Jak słusznie zauważył Wojciech Cejrowski – nic o Petru nie wiemy. Przyszedł znikąd, bez życiorysu, bez rodziców, bez dziadka w AK czy wehrmachcie, bez dorobku, bez przekonań, bez sensu.
Przyszedł z polszczyzną wyjętą z amerykańskich podręczników dla księgowych i na dodatek kiepsko przetłumaczoną.
Stoi na murze albo ścianie, który pewnie kazał zbudować, zanim go zburzył. Paranoiczne! W ogóle zaczyna od burzenia, a takich nie lubię. Nie wiemy czy cokolwiek umie zbudować, ale wiemy, że chce burzyć. Co może oznaczać –niszczyć, zabierać, grabić, pozbawiać, anulować, etc.
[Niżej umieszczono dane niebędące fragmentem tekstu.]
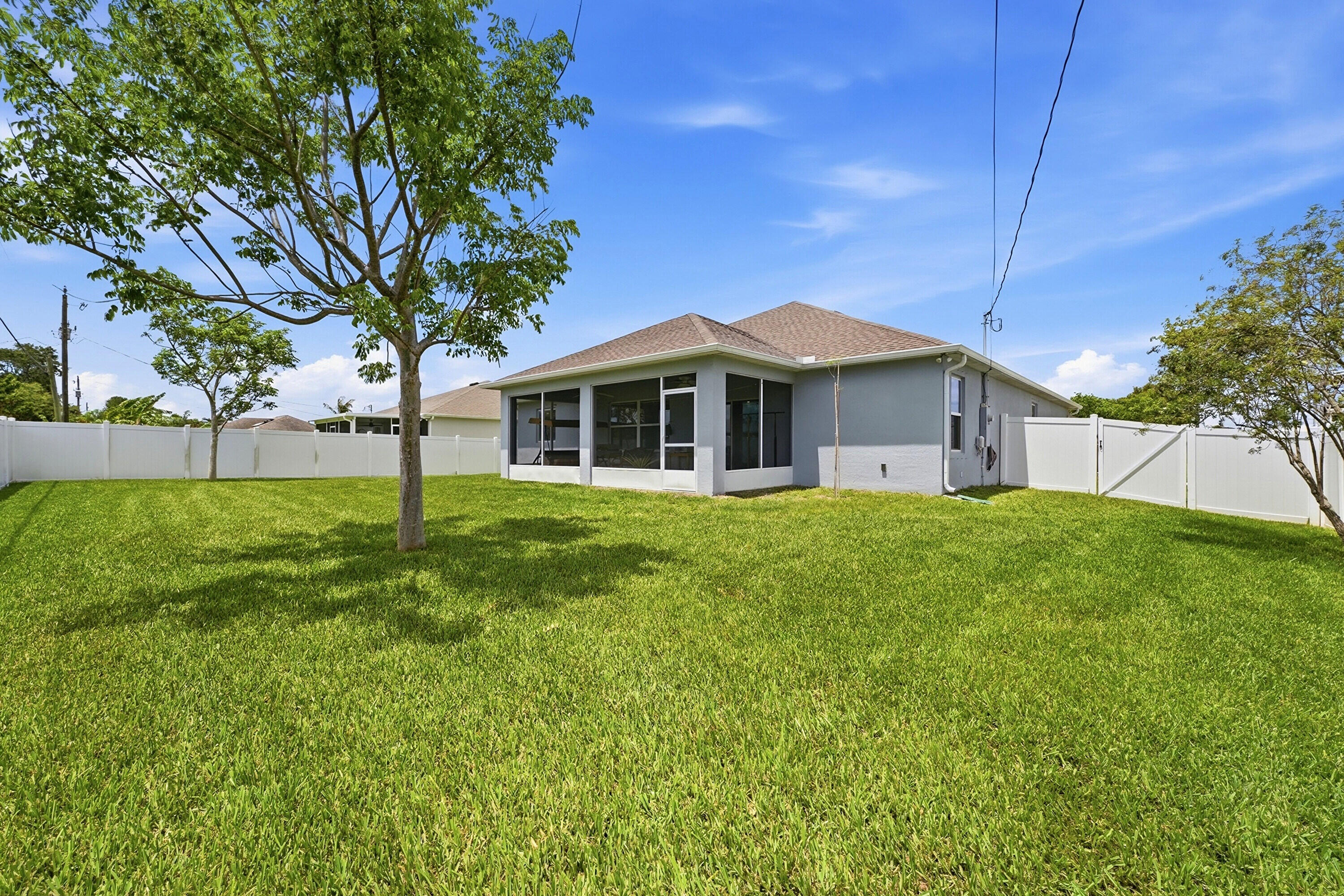 PORT ST LUCIE SECTION 33 - Residential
W tle ma ustawione doń plecami dzieciaki. Samo ujęcie może budzić wątpliwości. Dojrzały facet w pozie kowboja z enerdowskich westernów na tle dzieciarni. Nikt tego nie zauważy, bo Petru nie ma święceń…? Dzieci wyposażył w ciężkie młoty, a trzeba im dać do ręki zeszyty i ołówki, a jeszcze lepiej kredki. Jeśli dzieci mają zaczynać edukację „nowoczesną” od rozwalania to drżę o naszą materialną substancję.
Mam wrażenie, że to kandydat do dziecięcego parlamentu. Może nawet ma pryszcze?
Symbolika nachalna i prostacka. Zero finezji. W nagrodę zimny pampers na głowę i do kąta!